Label–free, turn–on fluorescent sensor for trypsin activity assay and inhibitor screening

Abstract

The development of new detection methods for proteases activity assay is important in clinical diagnostics and drug development. In this work, a simple, label–free, and turn–on fluorescent sensor was fabricated for trypsin, a protease produced in the pancreas. Cytochrome c, a natural substance of trypsin, could be selectively cleaved by trypsin into heme–peptide fragment. The produced heme–peptide fragment exhibited an intensive catalytic role on the H2O2–mediated the oxidation of thiamine to form strong fluorescent thiochrome. The fluorescence intensity was closely dependent on the amount of trypsin presented.
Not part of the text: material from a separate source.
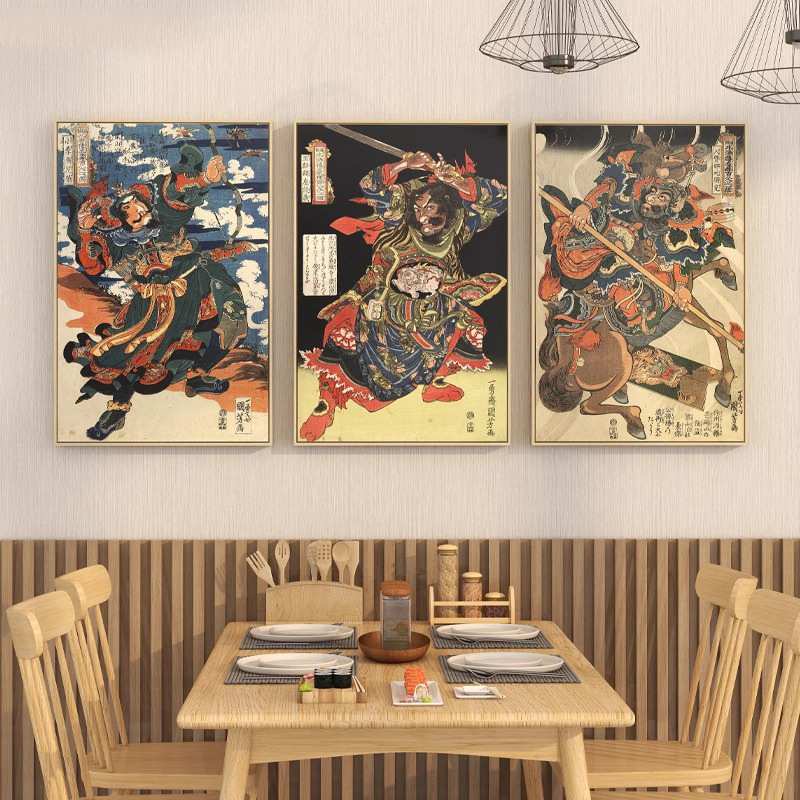 歌川国芳 水浒日式风格玄关客厅装饰画餐厅挂画日料店居酒屋壁画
The procedure allowed the measurement of trypsin over the range of 0.5–20.0μg/mL with a detection limit of 0.125μg/mL. The sensor showed better precision with a relative standard deviation of 1.6% for the measurement of 1.0μg/mL trypsin solution (n=11). This sensing system was applied to screen the inhibitor of trypsin, the IC50 values were calculated to be 12.71ng/mL for the trypsin inhibitor from soybean and 2.0μg/mL for benzamidine hydrochloride, respectively, demonstrating its potential application in drug development and related diseases treatment.